[Data records]
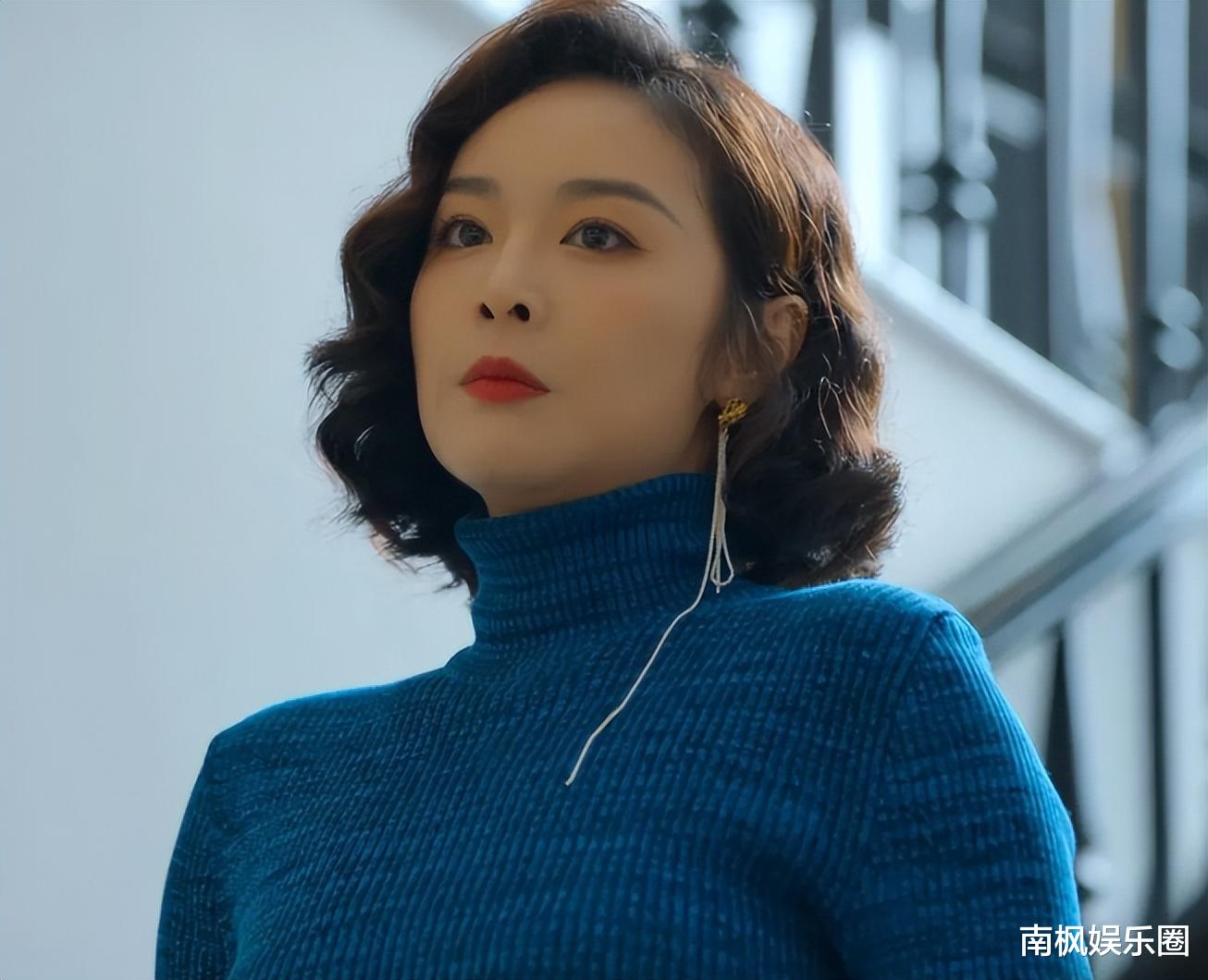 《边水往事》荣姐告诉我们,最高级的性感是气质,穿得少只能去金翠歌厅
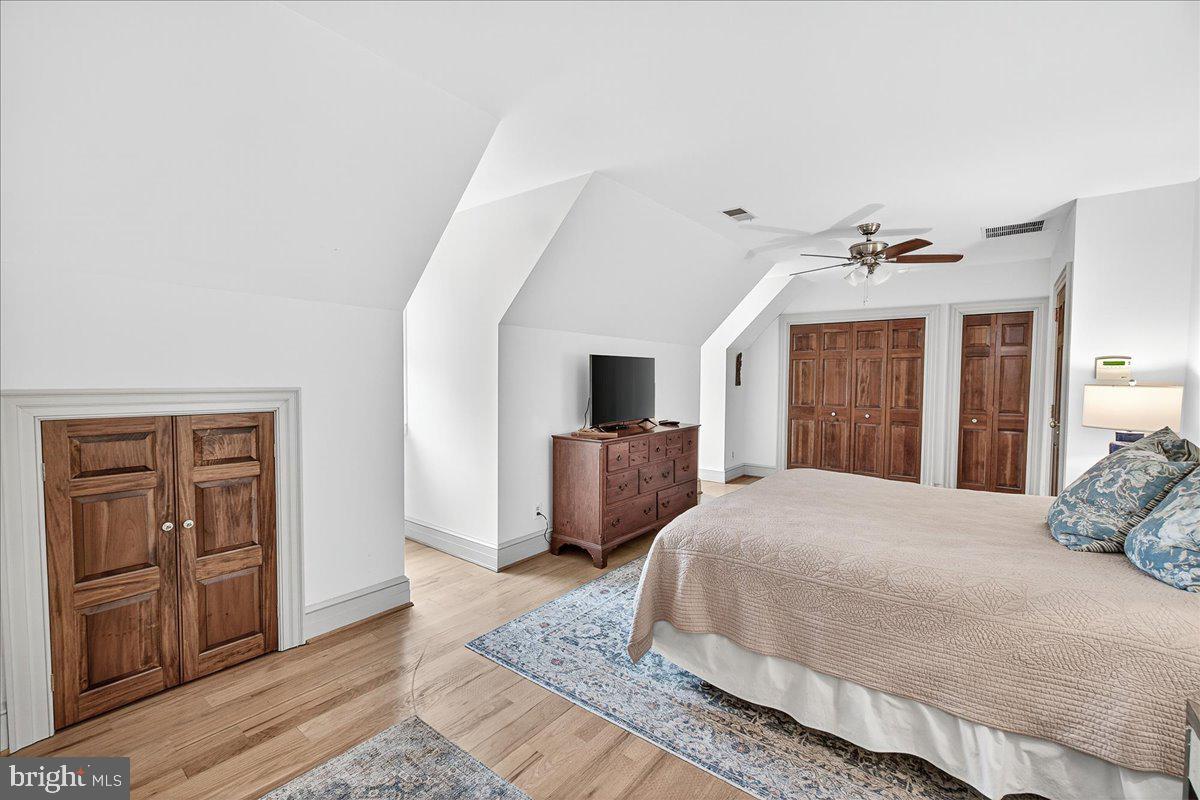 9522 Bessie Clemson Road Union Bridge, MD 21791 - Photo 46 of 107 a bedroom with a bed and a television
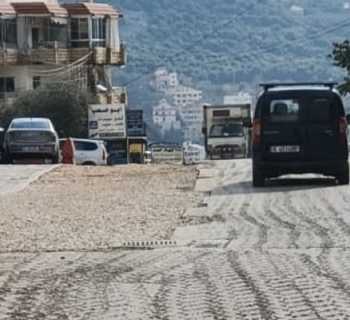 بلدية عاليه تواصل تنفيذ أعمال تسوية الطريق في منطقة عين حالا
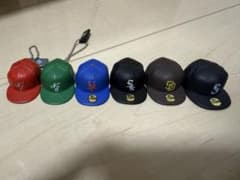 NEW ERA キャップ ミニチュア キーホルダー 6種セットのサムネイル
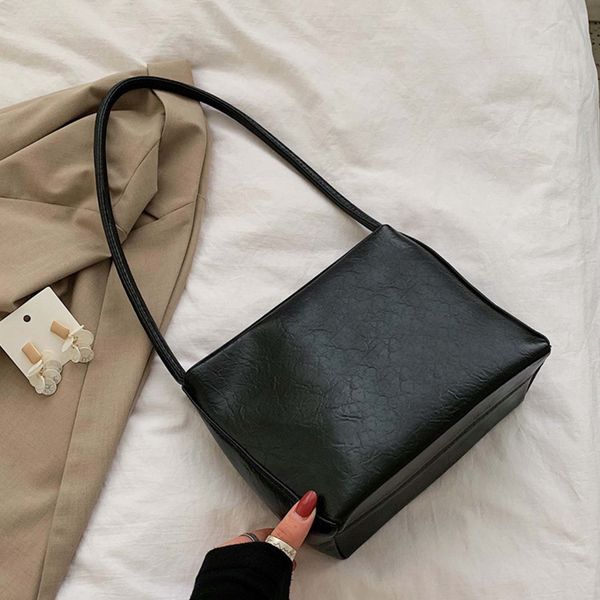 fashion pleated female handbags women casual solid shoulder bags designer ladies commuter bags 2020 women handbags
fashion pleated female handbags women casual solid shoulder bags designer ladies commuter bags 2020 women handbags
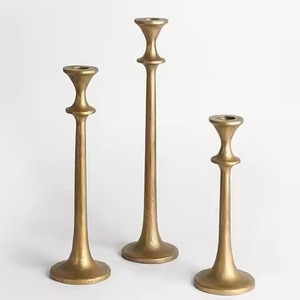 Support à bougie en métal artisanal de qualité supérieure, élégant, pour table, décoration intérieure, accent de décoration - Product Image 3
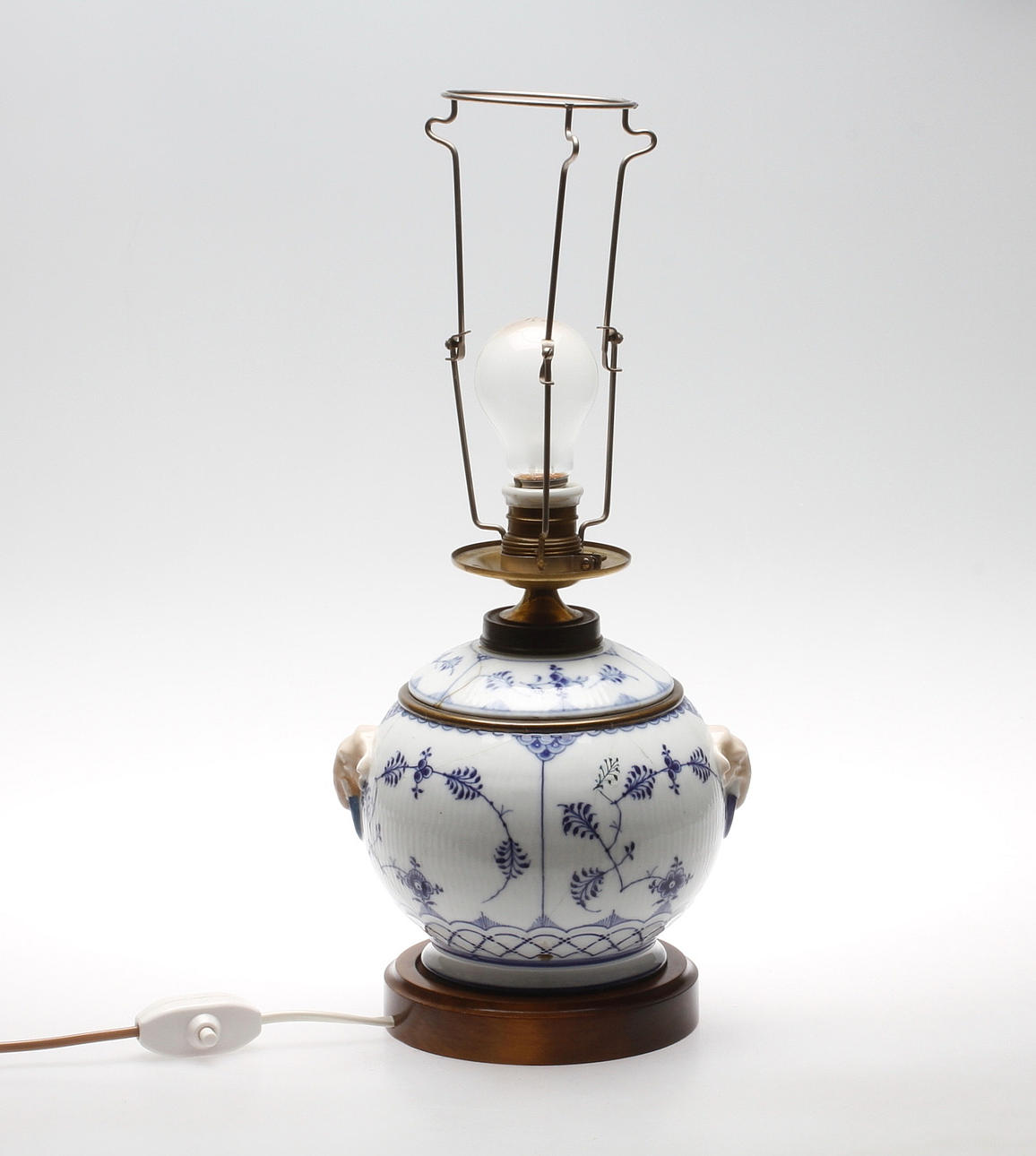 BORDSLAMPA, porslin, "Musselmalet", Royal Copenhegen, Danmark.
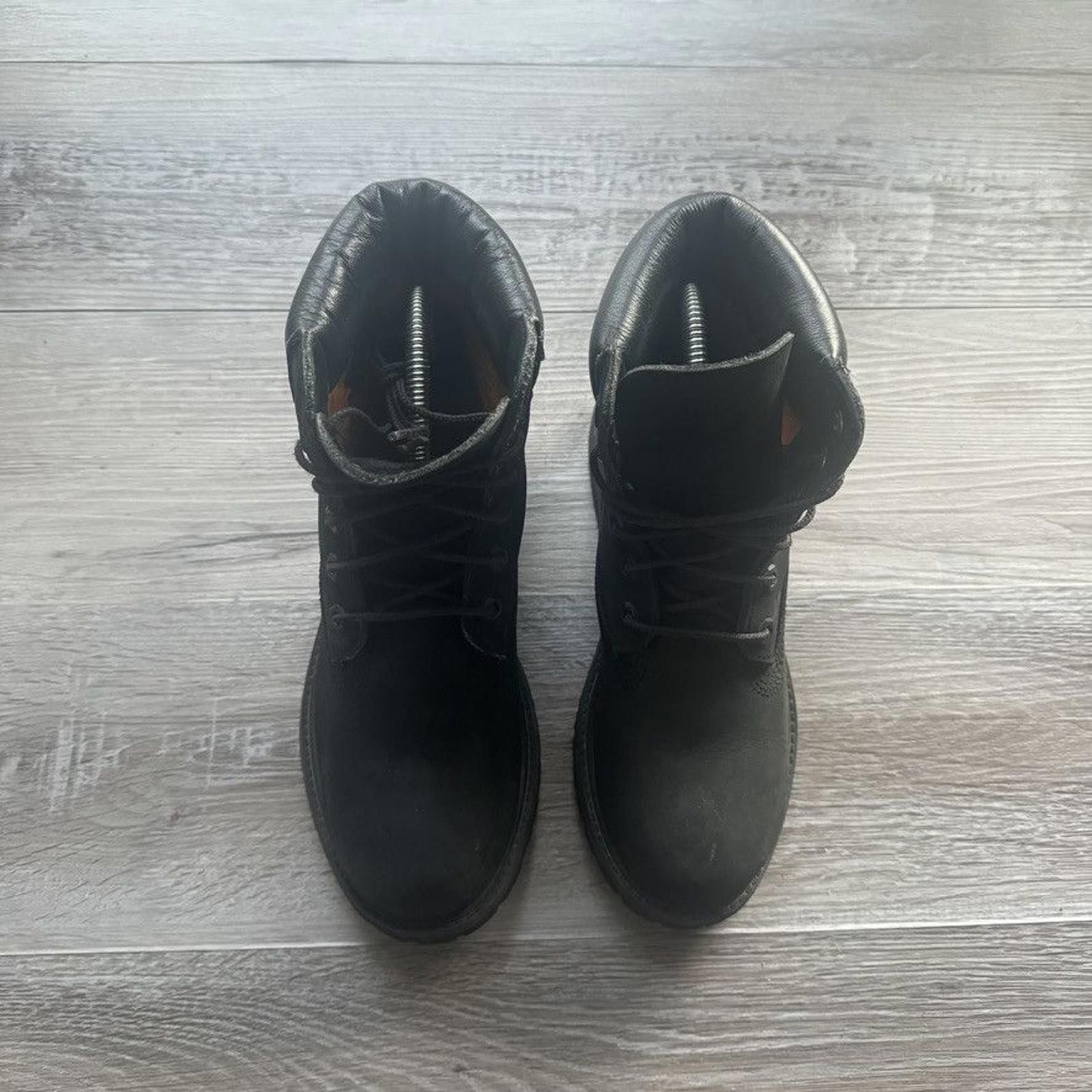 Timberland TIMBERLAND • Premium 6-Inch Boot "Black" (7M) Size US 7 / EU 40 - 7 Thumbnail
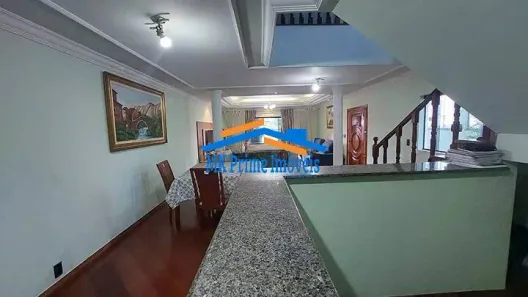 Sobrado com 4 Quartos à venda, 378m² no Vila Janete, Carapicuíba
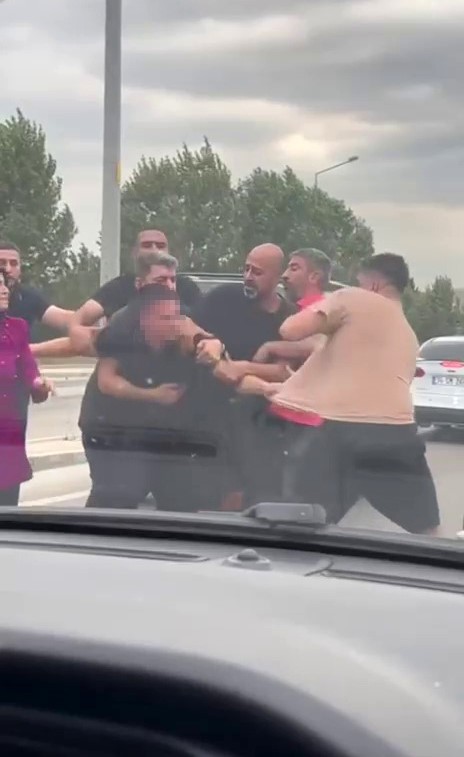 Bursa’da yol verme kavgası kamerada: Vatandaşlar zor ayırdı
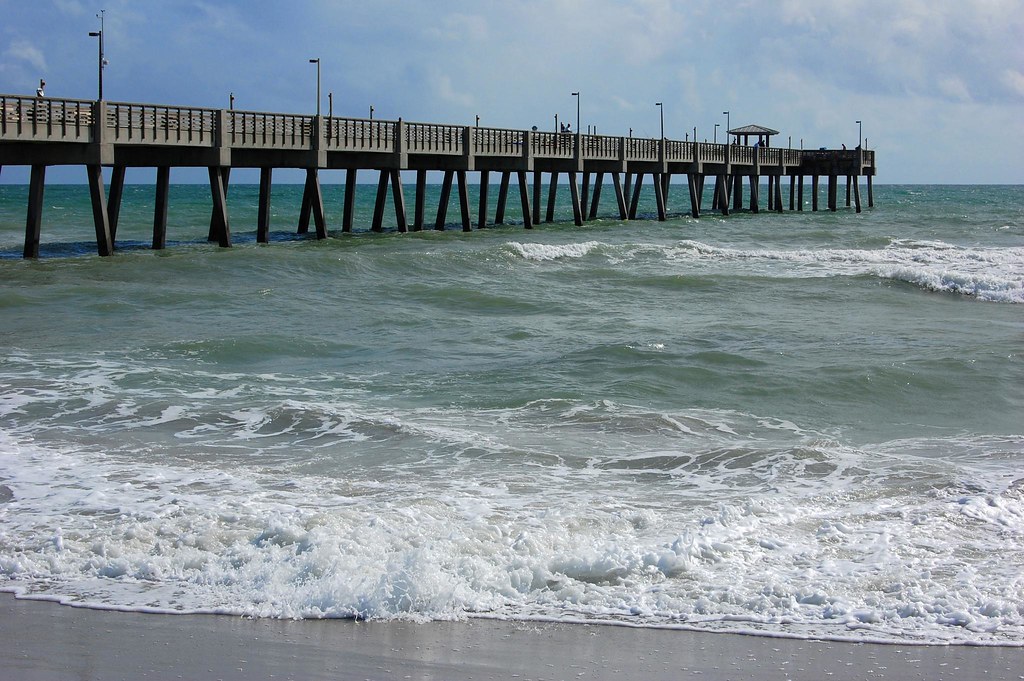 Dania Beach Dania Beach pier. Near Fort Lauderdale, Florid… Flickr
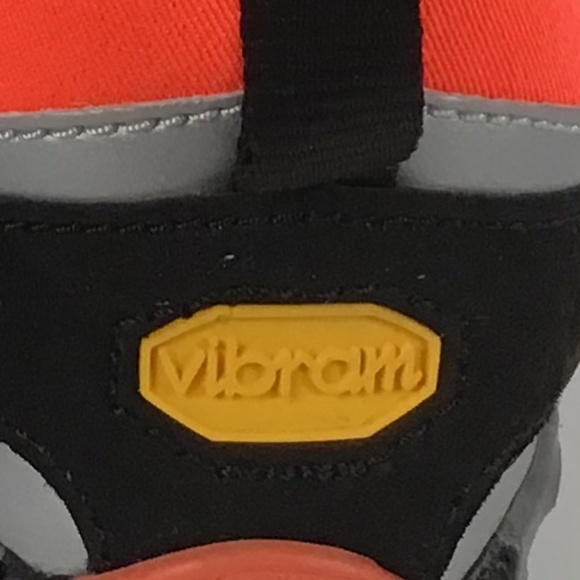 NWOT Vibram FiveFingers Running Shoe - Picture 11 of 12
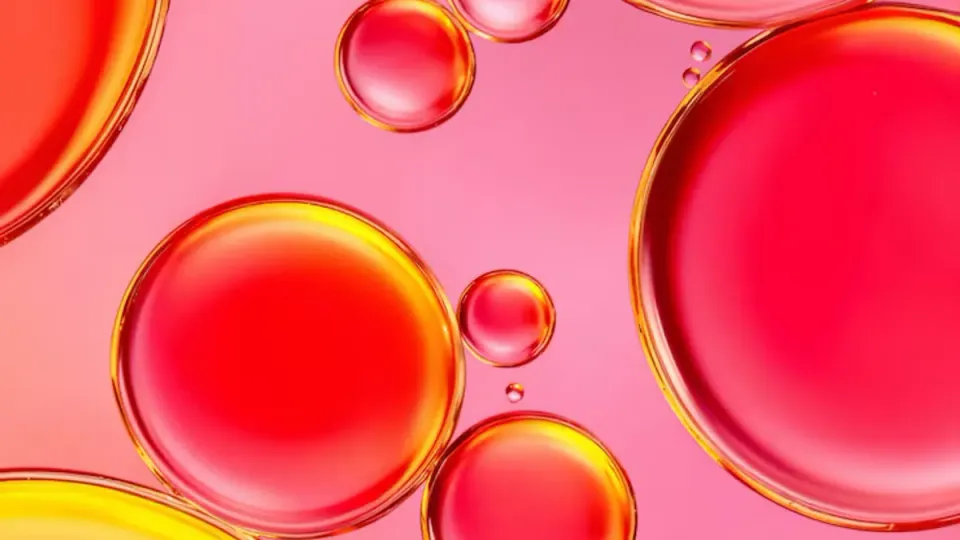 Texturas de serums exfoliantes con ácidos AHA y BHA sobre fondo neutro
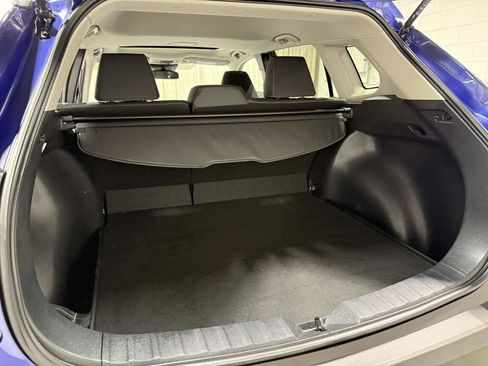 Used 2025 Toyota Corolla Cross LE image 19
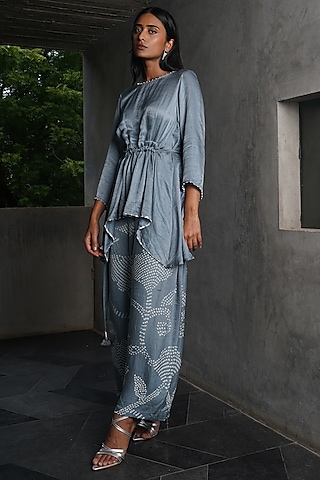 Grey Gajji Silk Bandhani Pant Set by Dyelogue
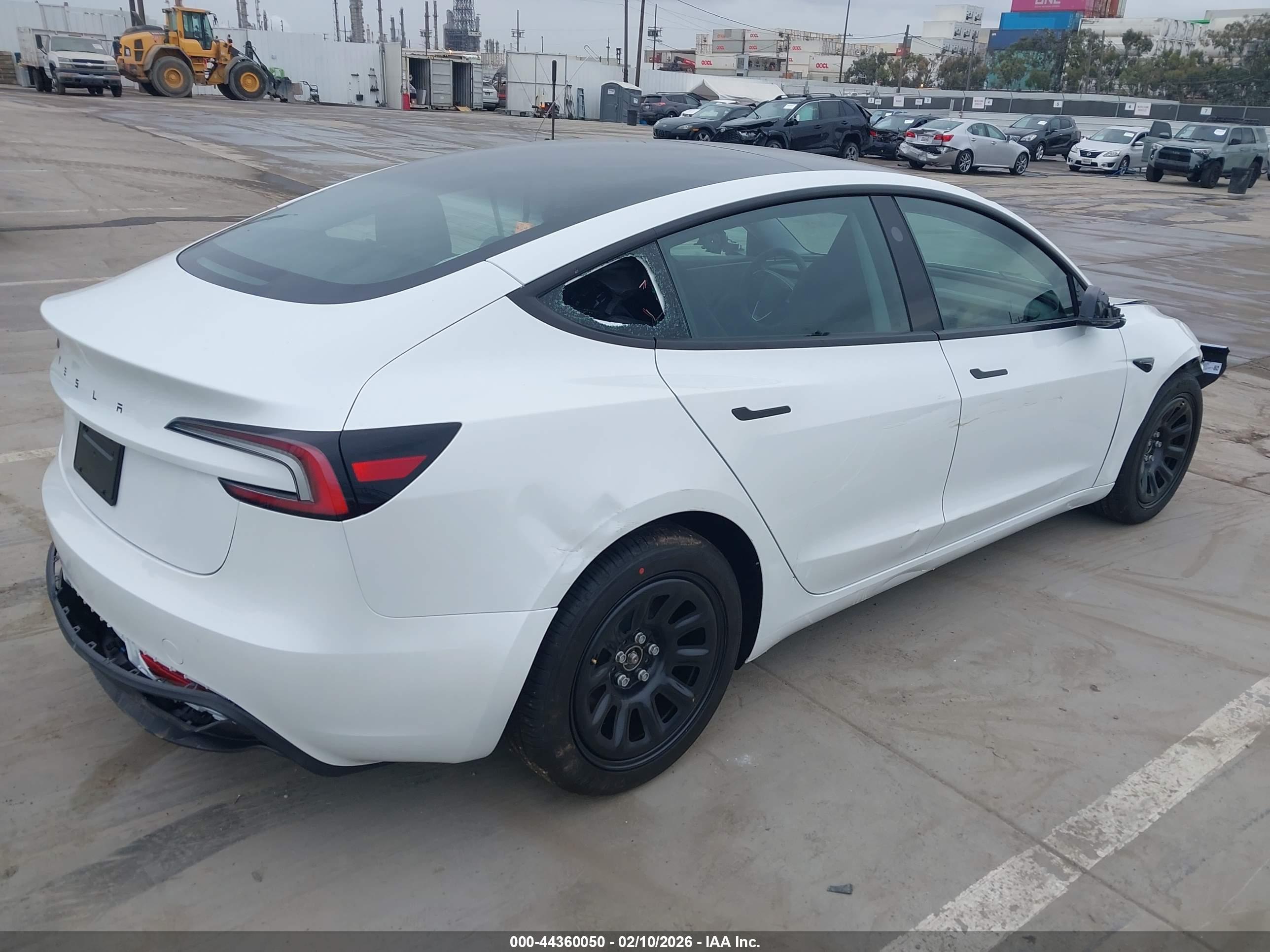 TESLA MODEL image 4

• [WHAT TO DO]
Return only the lines running from the start of the entries above to the line that contains "NEW ERA キャップ ミニチュア キーホルダー 6種セットのサムネイル", inclusive, and omit every picture.

• [RESPONSE AREA]
 《边水往事》荣姐告诉我们,最高级的性感是气质,穿得少只能去金翠歌厅
 9522 Bessie Clemson Road Union Bridge, MD 21791 - Photo 46 of 107 a bedroom with a bed and a television
 بلدية عاليه تواصل تنفيذ أعمال تسوية الطريق في منطقة عين حالا
 NEW ERA キャップ ミニチュア キーホルダー 6種セットのサムネイル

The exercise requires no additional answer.